• INSTRUCTIONS FOR THE TASK: Repeat only these lines, exactly: the first line of the data, the line containing "Hey guys, welcome", and every line between them. Pictures stay out.

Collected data
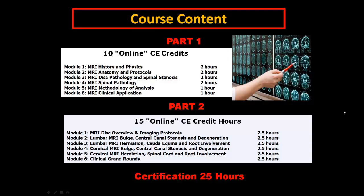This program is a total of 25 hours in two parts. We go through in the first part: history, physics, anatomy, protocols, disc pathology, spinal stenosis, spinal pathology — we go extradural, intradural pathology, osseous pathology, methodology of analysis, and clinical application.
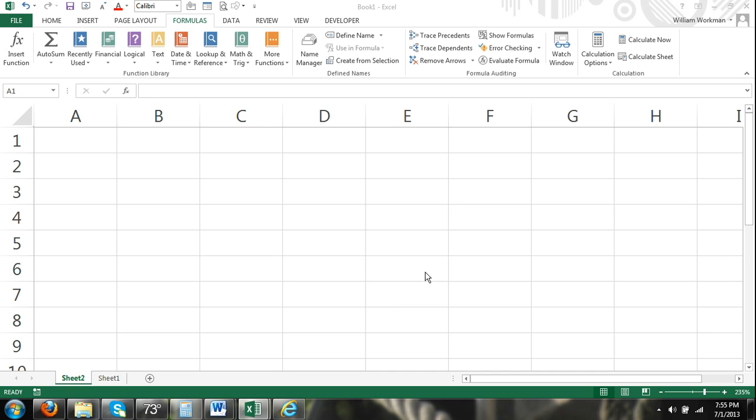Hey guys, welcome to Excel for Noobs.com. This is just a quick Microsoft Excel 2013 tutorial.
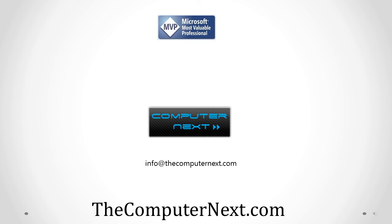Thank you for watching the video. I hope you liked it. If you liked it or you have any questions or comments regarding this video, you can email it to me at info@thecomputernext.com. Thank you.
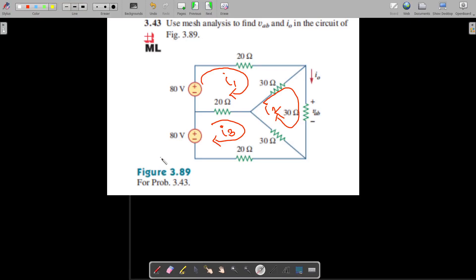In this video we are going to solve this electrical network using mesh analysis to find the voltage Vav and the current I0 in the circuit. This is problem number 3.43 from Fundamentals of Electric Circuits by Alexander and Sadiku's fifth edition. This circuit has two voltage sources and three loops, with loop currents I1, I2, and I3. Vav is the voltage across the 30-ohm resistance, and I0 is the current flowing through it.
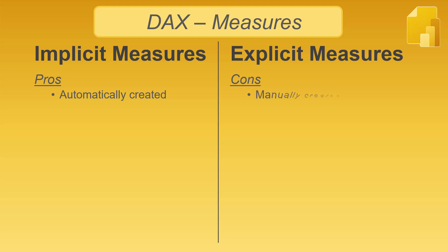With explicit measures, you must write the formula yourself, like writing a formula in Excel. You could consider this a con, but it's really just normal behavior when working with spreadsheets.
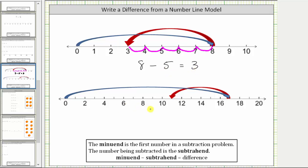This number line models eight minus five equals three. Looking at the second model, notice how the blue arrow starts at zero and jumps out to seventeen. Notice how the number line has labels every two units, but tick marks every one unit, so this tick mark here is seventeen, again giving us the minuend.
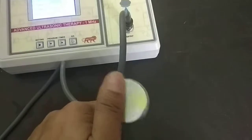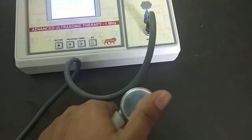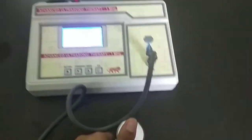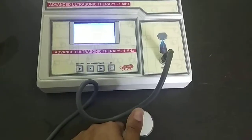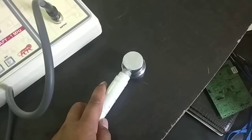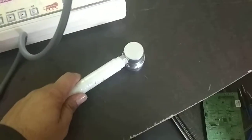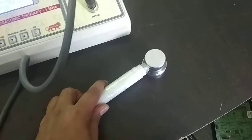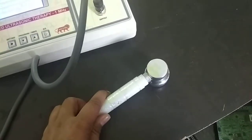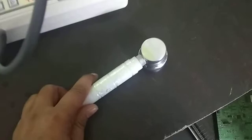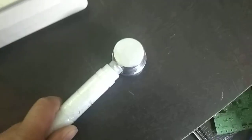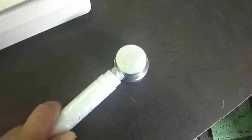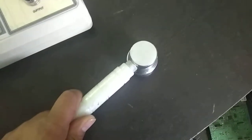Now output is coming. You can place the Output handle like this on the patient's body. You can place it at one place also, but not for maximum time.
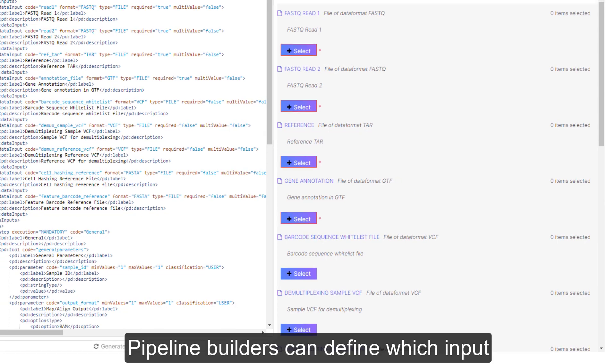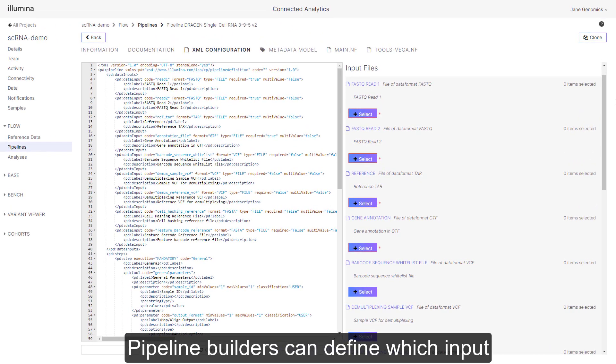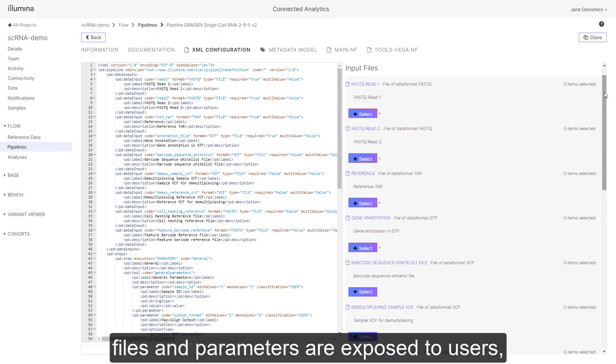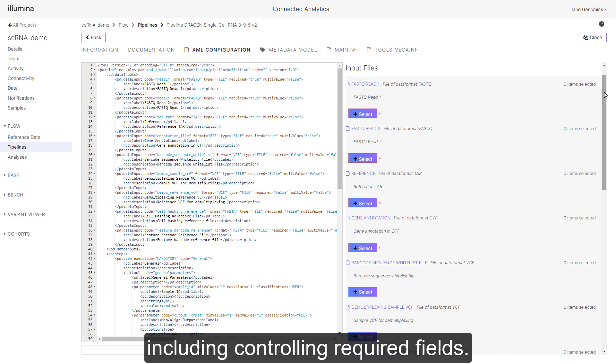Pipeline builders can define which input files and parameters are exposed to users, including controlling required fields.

• SOLUTION FOR THIS TASK:
This program is a total of 25 hours in two parts. We go through in the first part: history, physics, anatomy, protocols, disc pathology, spinal stenosis, spinal pathology — we go extradural, intradural pathology, osseous pathology, methodology of analysis, and clinical application.
Hey guys, welcome to Excel for Noobs.com. This is just a quick Microsoft Excel 2013 tutorial.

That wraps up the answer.